As I mentioned before ideas and creativity would make the ideal candidate stand out. Excellent qualifications are great but if someone can demonstrate how they put these skills into practise – for example organising and promoting their own charity event – that would get my vote!
What is your proudest moment to date?
My proudest moment to date has been working on the communications campaign for Daisy Lodge, the charity’s short break centre for families living with cancer, which has been shortlisted for a CIPR Pride Award. The new facility, which cost £3 million to build, will allow us to provide every family affected by childhood cancer with a therapeutic short break allowing them to spend quality time together away from hospitals and treatment regimes. I’m now working on the official opening of Daisy Lodge and I’m very excited that our special guest will be local golfing hero and four time Major winner Rory McIlroy.

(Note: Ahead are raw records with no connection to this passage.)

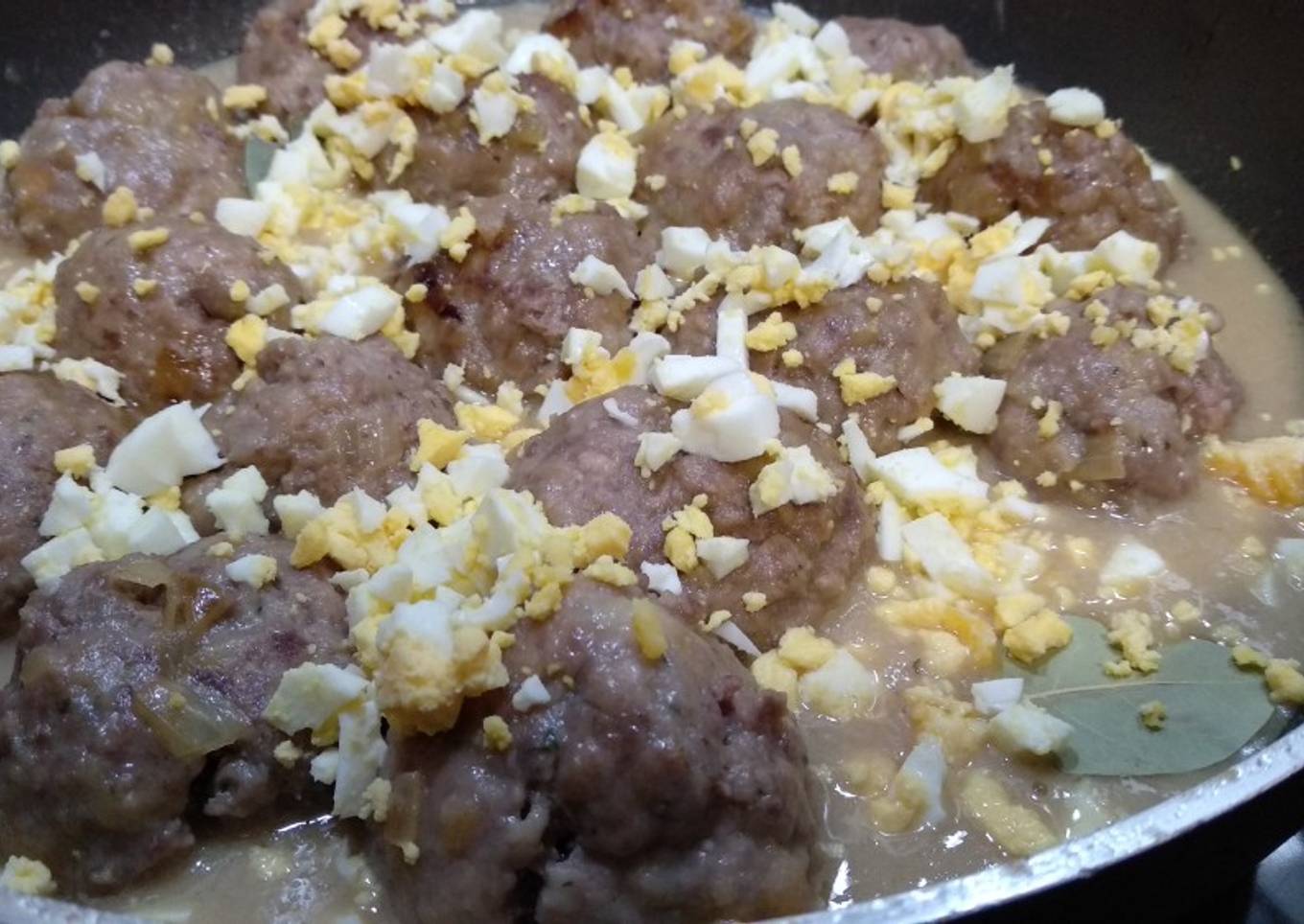 Albóndigas en salsa de sidra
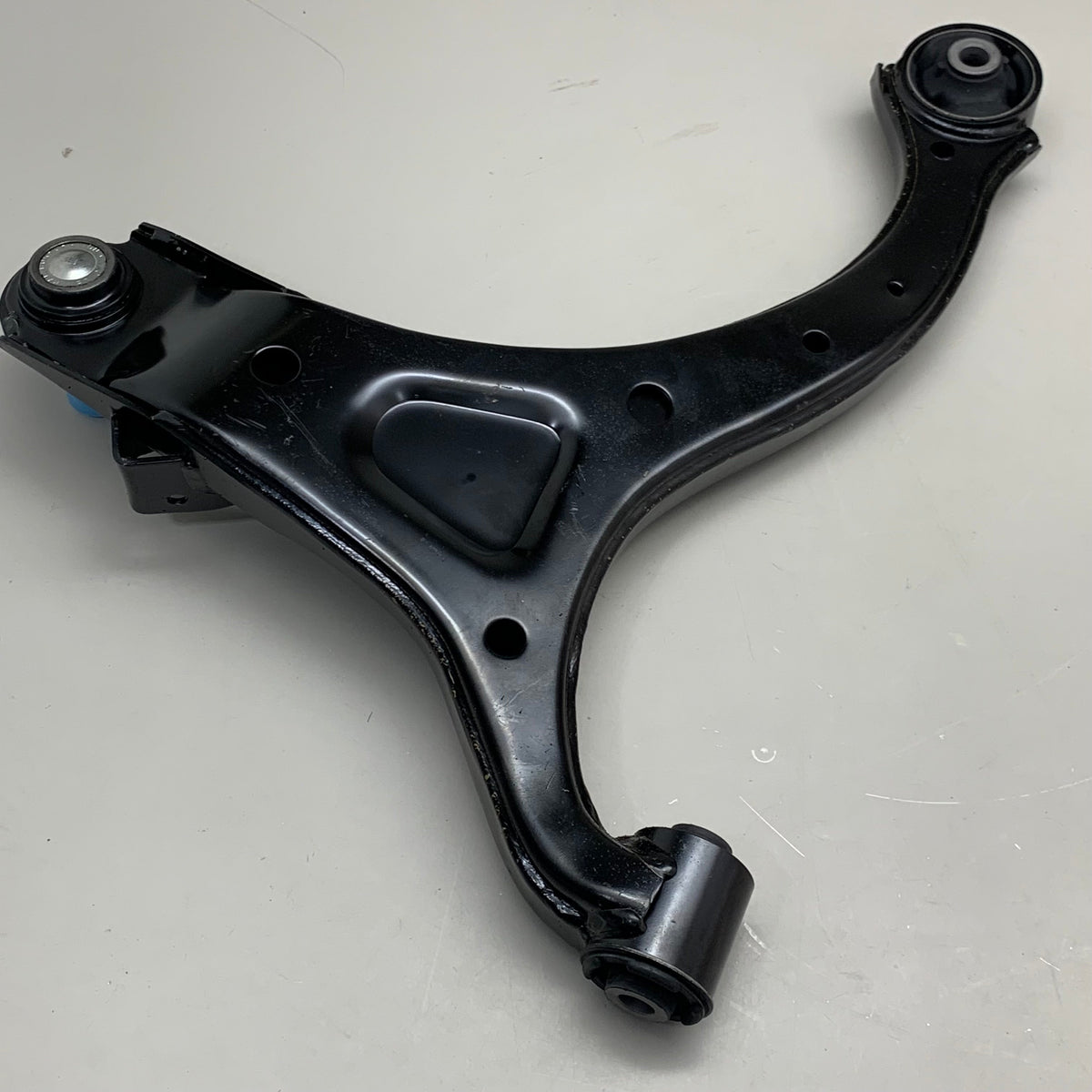 CTR Front Right Lower Control Arm and Ball Joint Assembly CQ0145R for Hyundai & Kia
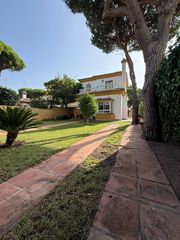 Xalet a Calle percebes 129b. Precioso chalet independiente a muy pocos metros de la playa de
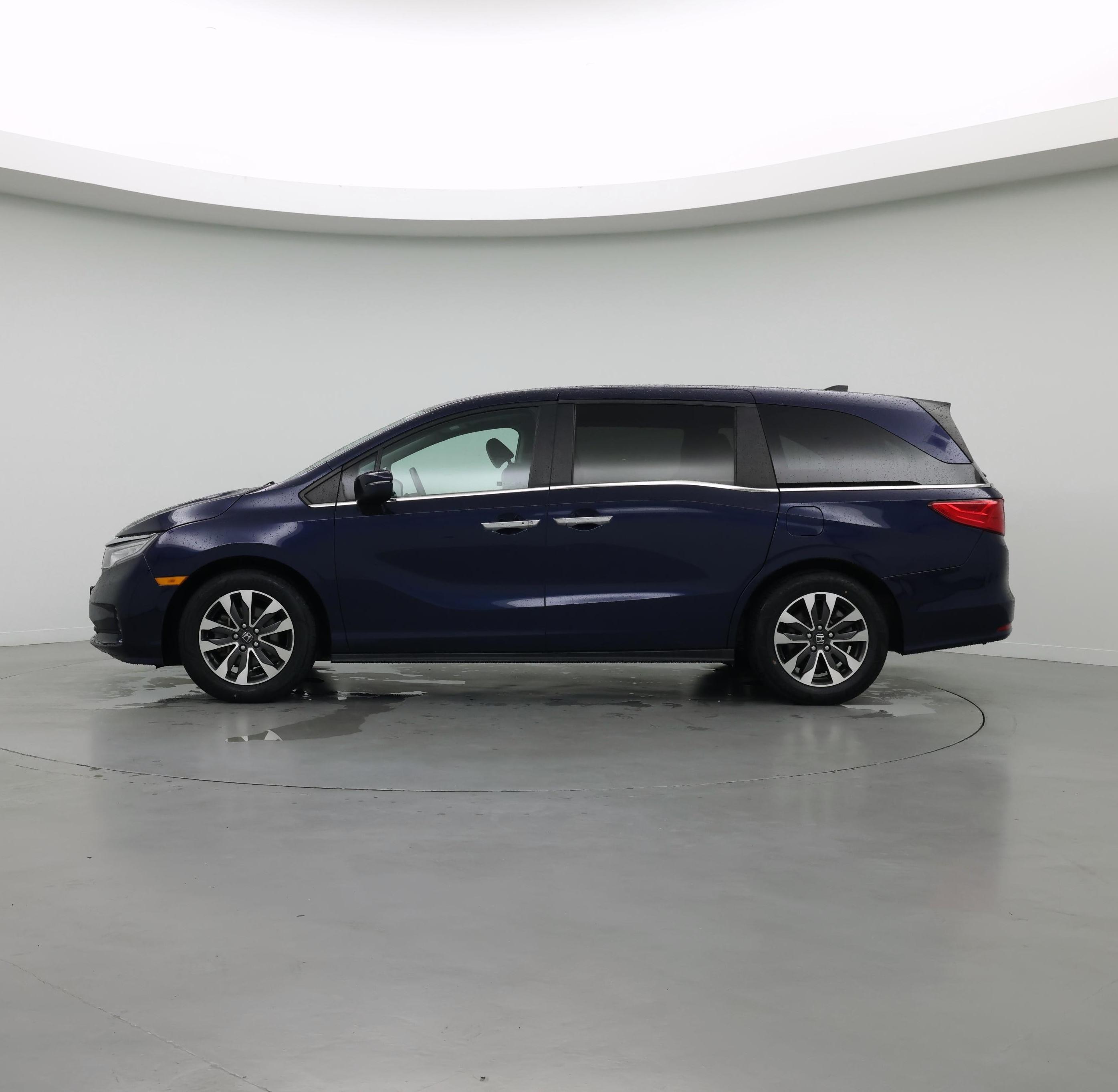Thumbnail: 2023 Honda Odyssey - 3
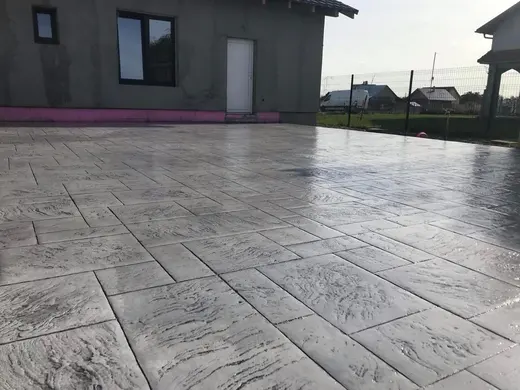 Stamped concrete in a stone slab pattern with slate texture, photo 11
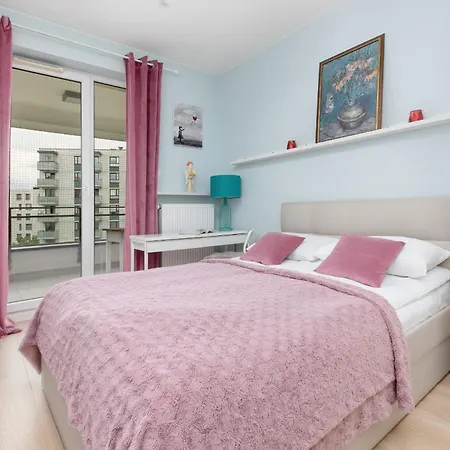 Cosy With Parking Nowaka-jezioranskiego Praga By Renters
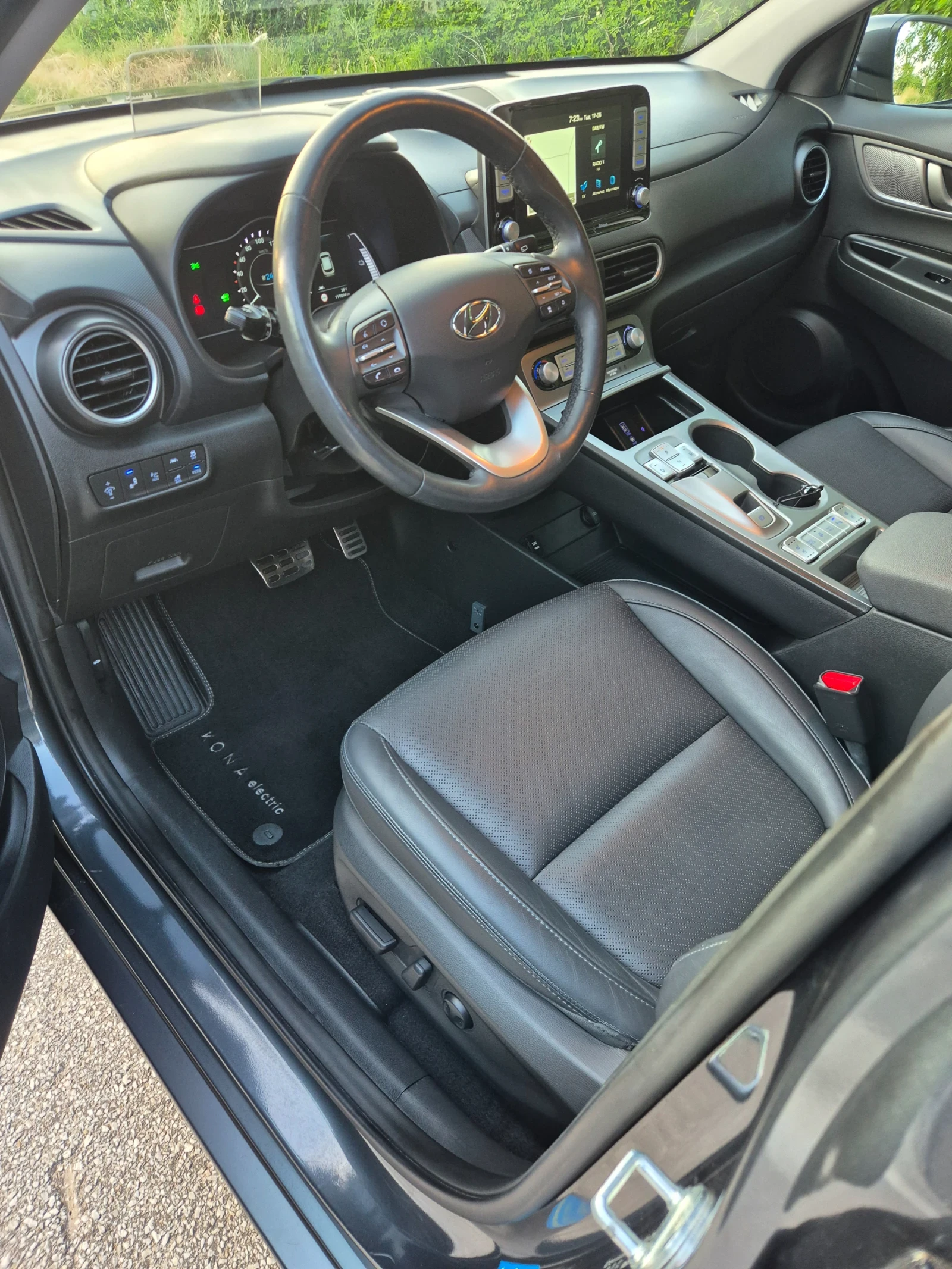 Hyundai Kona 64 kWh/204кс/ Premium  - изображение 9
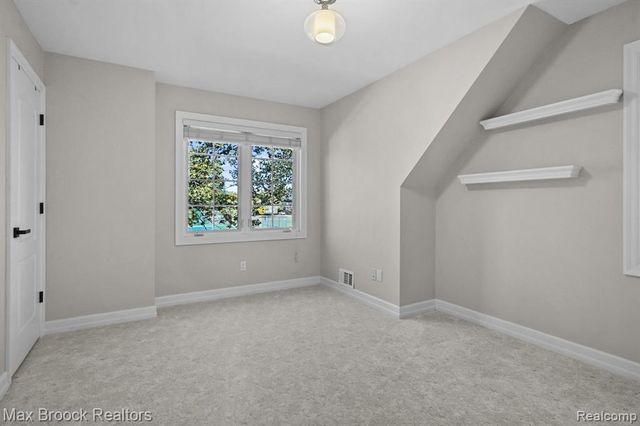 2120 Buckingham Avenue, Birmingham, MI 48009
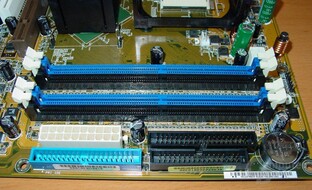 Asus P4C800-E Deluxe - RAM Steckplätze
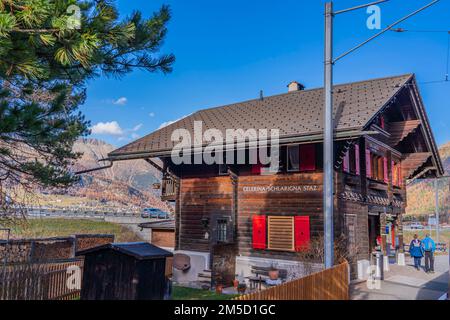 SANKT MORITZ, SCHWEIZ - 28,2022. OKTOBER: Celerina Station des Bernina Express an einem Herbsttag Stockfoto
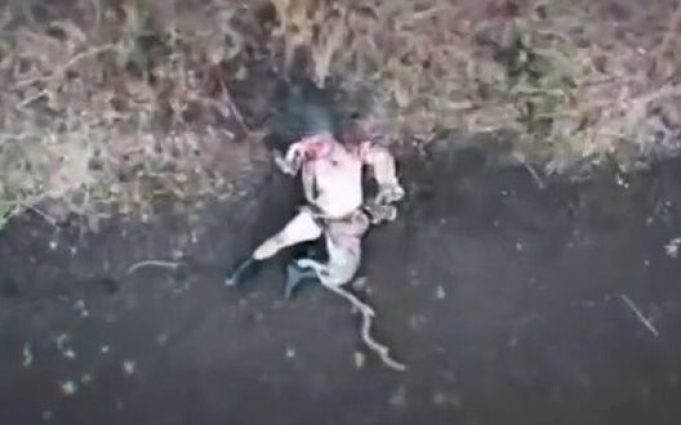 Окупант втратив голову після скиду із українського дрона. ВIДЕО 18+ Окупант-втратив-голову-після-скиду-із-українського-дрона.-ВiДЕО-18+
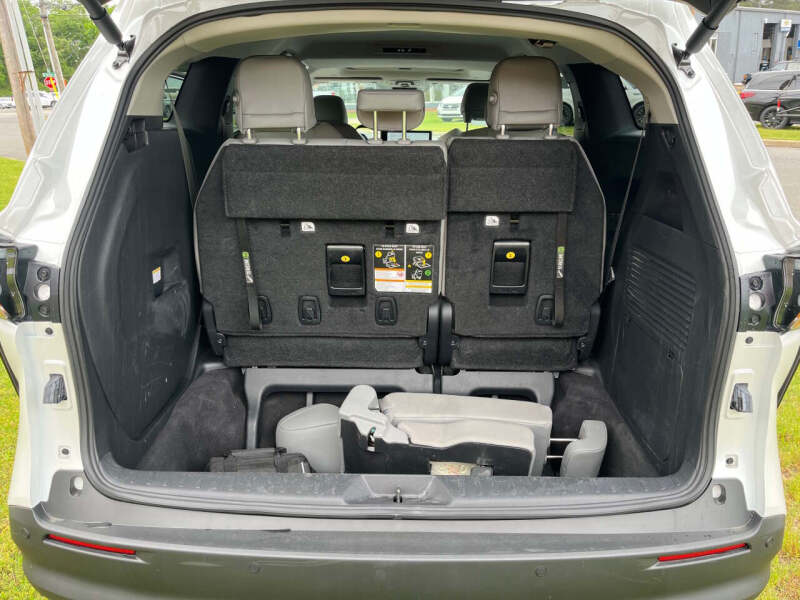 2025 Toyota Sienna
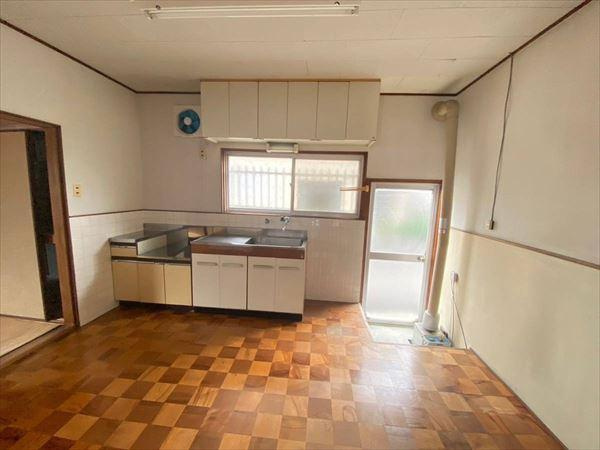 岩出市畑毛　中古平屋戸建のキッチン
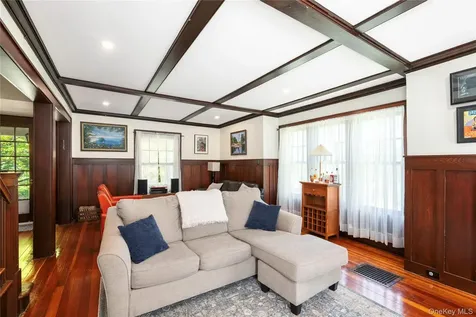 21 Barnard Avenue Poughkeepsie NY 12601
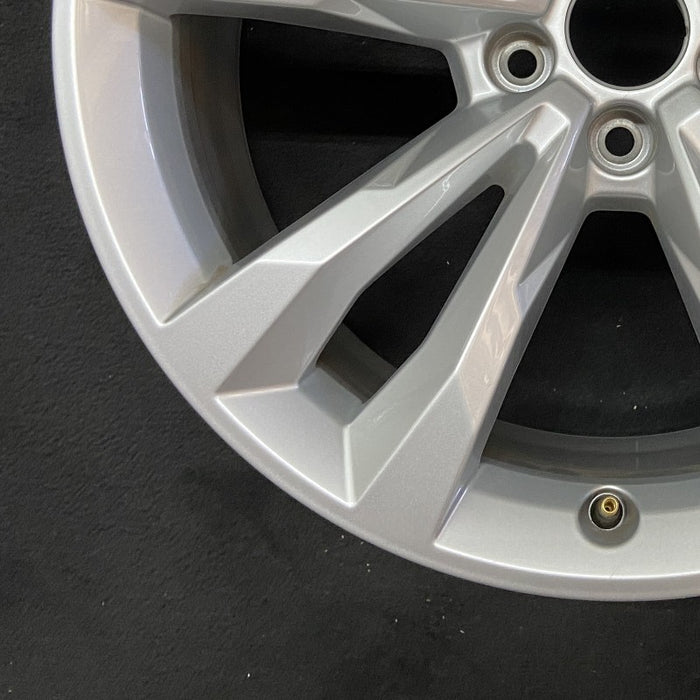 19" AUDI Q7 17 19x8.5 5 spoke V spoke Original OEM Wheel Rim - Additional View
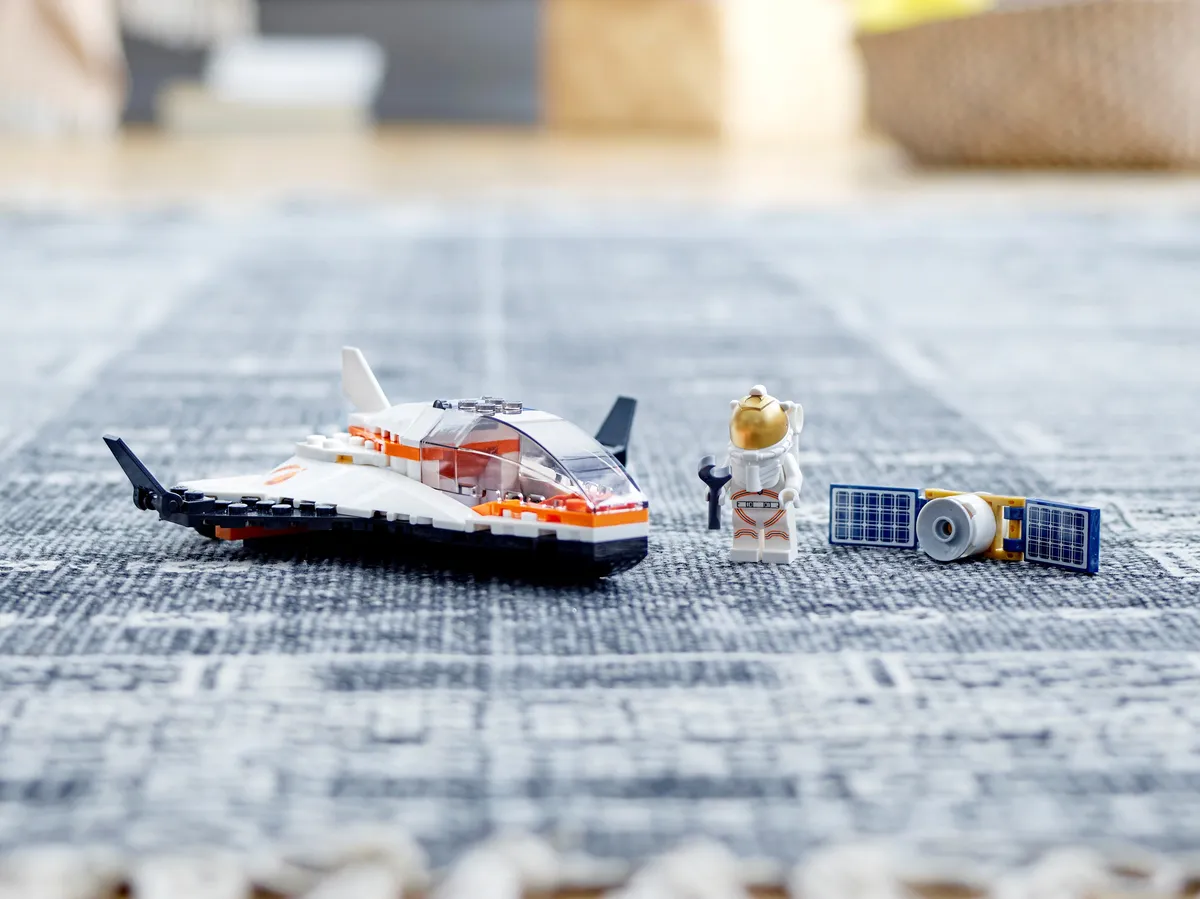 LEGO Satellite Service Mission (60224) - Bild 8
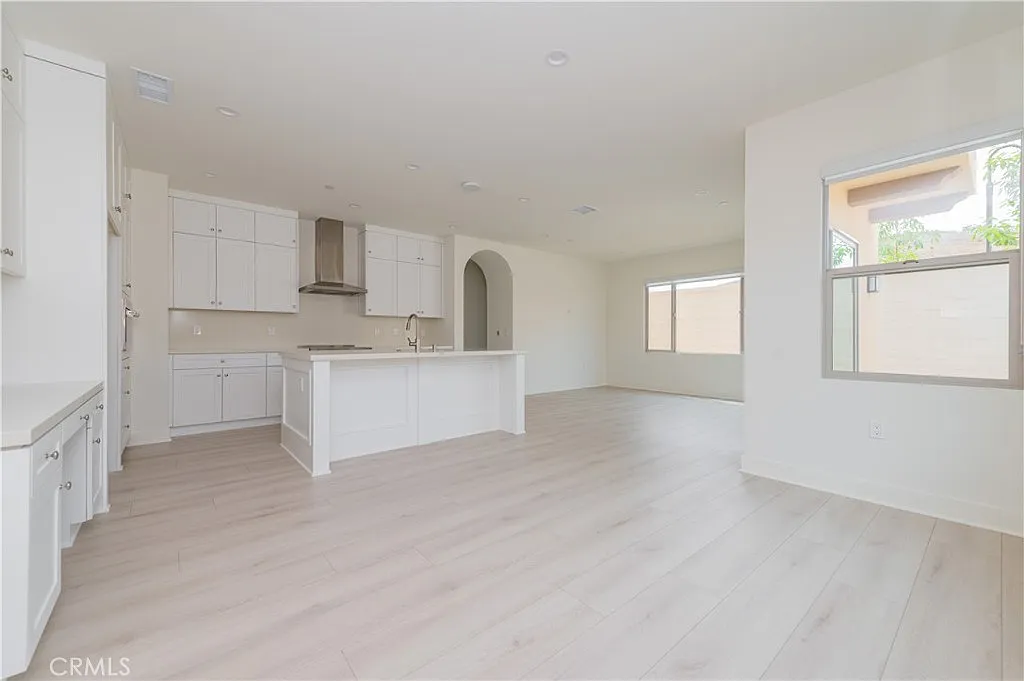 3 bed, 2.5 bath, 1752 sqft, $6,200 — Photo 2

When you switch off (if you switch off!) what do you do with your own time?
I have a toddler and another baby on the way so I have to admit I don’t have much time to switch off! Although I do enjoy good food, fine wine (when I’m not pregnant of course) and walking our two dogs. Any free time these days is spent watching the Good Wife on Netflix as I’m pretty exhausted after a busy but enjoyable and rewarding day at work!
Wow more babies on the way, local Comms is having a baby-boom to rival the celeb world! I’m sure you all join me in wishing Rachel good luck with the new arrival and commending her and her team on the great work at NICFC. I have no doubt they’ll do well at this year’s Awards next month.